- Kuruktopa Location in West Bengal, India Kuruktopa Kuruktopa (India)
- Coordinates: 23°10′17″N 86°31′27″E﻿ / ﻿23.1715°N 86.5242°E
- Country: India
- State: West Bengal
- District: Purulia

Languages
- • Official: Bengali, English
- Time zone: UTC+5:30 (IST)
- PIN: 723128
- Telephone/STD code: 03253
- Lok Sabha constituency: Purulia
- Vidhan Sabha constituency: Manbazar
- Website: purulia.gov.in

= Kuruktopa =

Kuruktopa is a village in the Puncha CD block in the Manbazar subdivision of the Purulia district in the state of West Bengal, India.

==Geography==

===Location===
Kuruktopa is located at .

===Area overview===
Purulia district forms the lowest step of the Chota Nagpur Plateau. The general scenario is undulating land with scattered hills. Manbazar subdivision, shown in the map alongside, is located in the eastern part of the district. It is an overwhelmingly rural subdivision with 96.32% of the population living in the rural areas and 3.68% living in the urban areas. There are 3 census towns in the subdivision. The map shows the Kangsabati Project Reservoir. The Mukutmanipur Dam is in Bankura district but the upper portion of the reservoir is in Manbazar subdivision. The remnants of old temples and deities are found in the subdivision also, as in other parts of the district. The subdivision has a very high proportion of Scheduled Castes and Scheduled Tribes. Bandwan CD block has 51.86% ST population, Manbazar II CD block has 48.97% ST population. Manbazar I CD block has 22.03% ST and 22.44% SC. Puncha CD block has 24.74% ST and 14.54 SC. Writing in 1911, H. Coupland, ICS, speaks of the aboriginal races largely predominating in the old Manbhum district. He particularly mentions the Kurmis, Santhals, Bhumij and Bauri.
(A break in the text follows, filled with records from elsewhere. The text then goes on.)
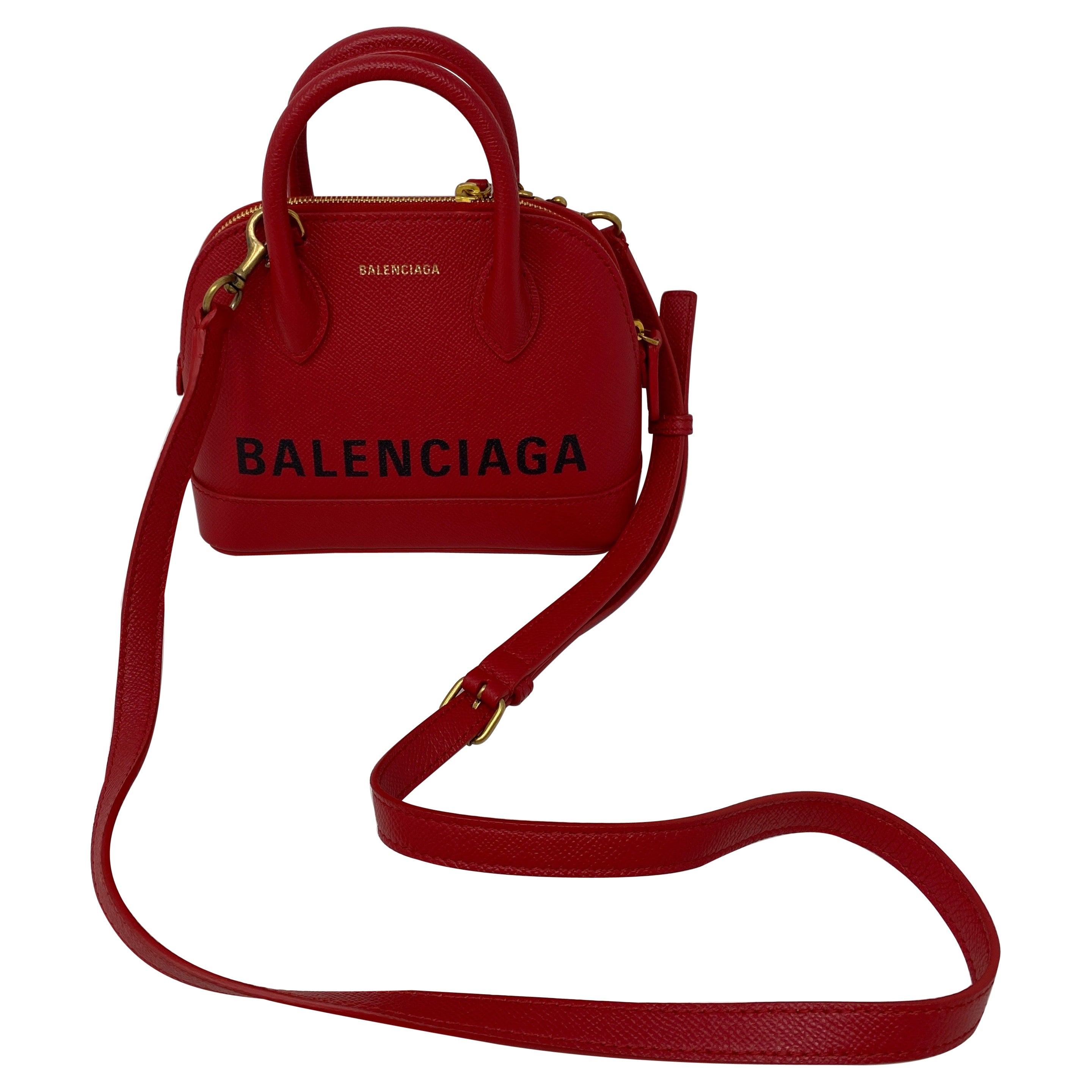 Balenciaga Red Leather Mini Bag at 1stDibs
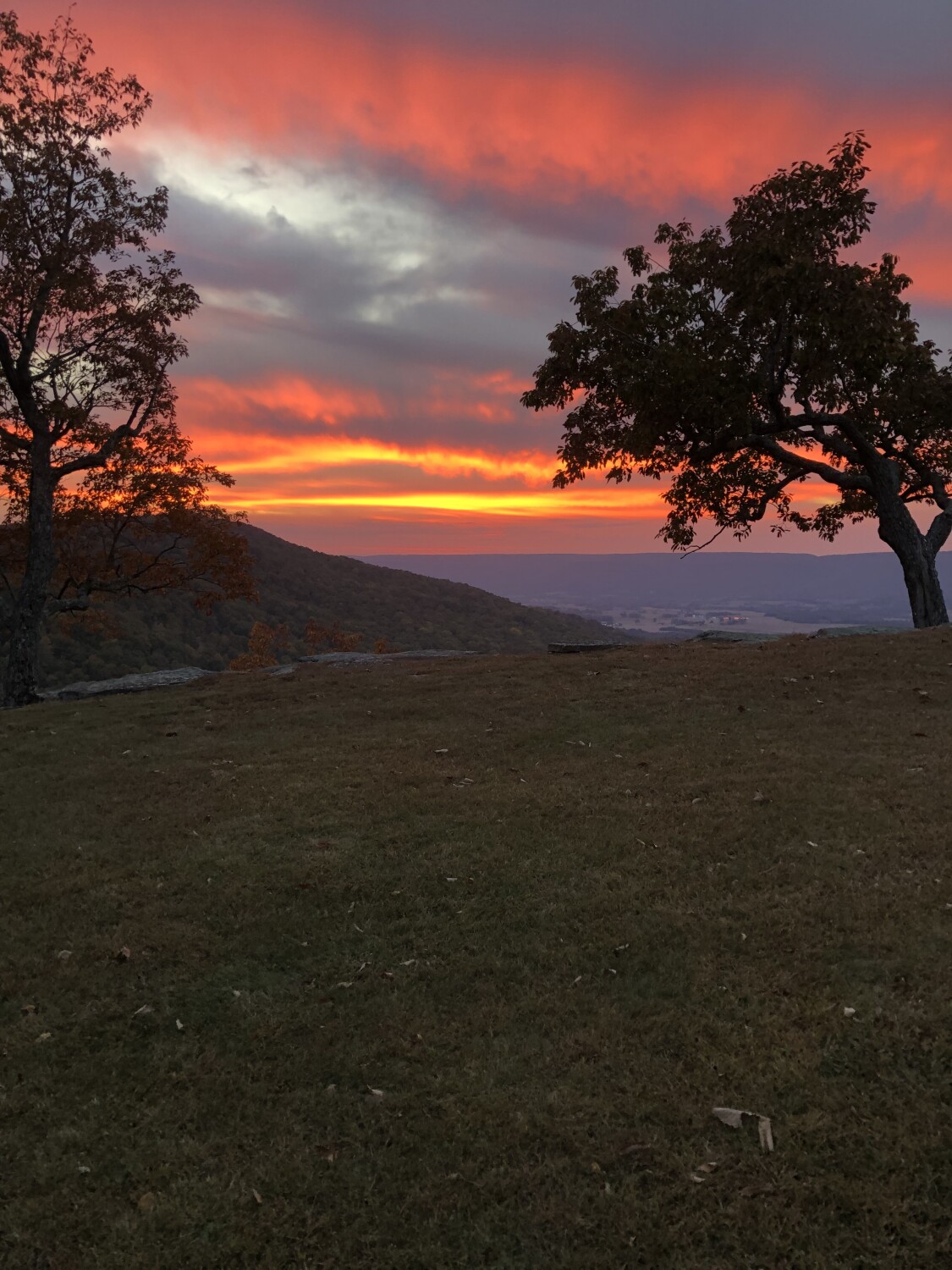 Sunset in the mountains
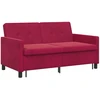 Sofa lova Vyno raudona Audinys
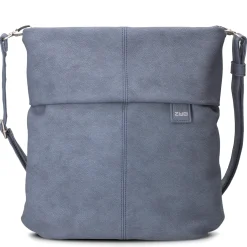 Mademoiselle M12 - Schultertasche 32 cm (nubuk-sky)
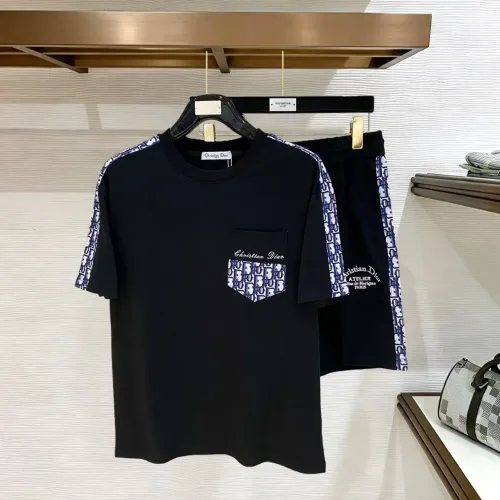 Wholesale Christian Dior Tracksuits Short Sleeved For Men #1484893 $112.00 USD, Wholesale Quality Replica Christian Dior Tracksuits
Note: The map alongside presents some of the notable locations in the subdivision. All places marked in the map are linked in the larger full screen map.

==Demographics==
According to the 2011 Census of India, Kuruktopa had a total population of 2,964, of which 1,500 (51%) were males and 1,464 (49%) were females. There were 394 persons in the age range of 0–6 years. The total number of literate persons in Kuruktopa was 1,480 (57.59% of the population over 6 years).

==Education==
Sitaram Mahato Memorial College at Anandadweep, Kuruktopa was established in 2015. Affiliated with the Sidho Kanho Birsha University, it offers honours courses in Bengali, Santali, English, Sanskrit, philosophy, political science, history, geography, anthropology, and a general course in arts.

Kuruktopa High School is a Bengali-medium, coeducational institution established in 1946. It has facilities for teaching from class V to class XII. It has 17 computers and a library with 700 books.

==Healthcare==
There is a primary health centre with 2 beds at Anandadweep, Kuruktopa.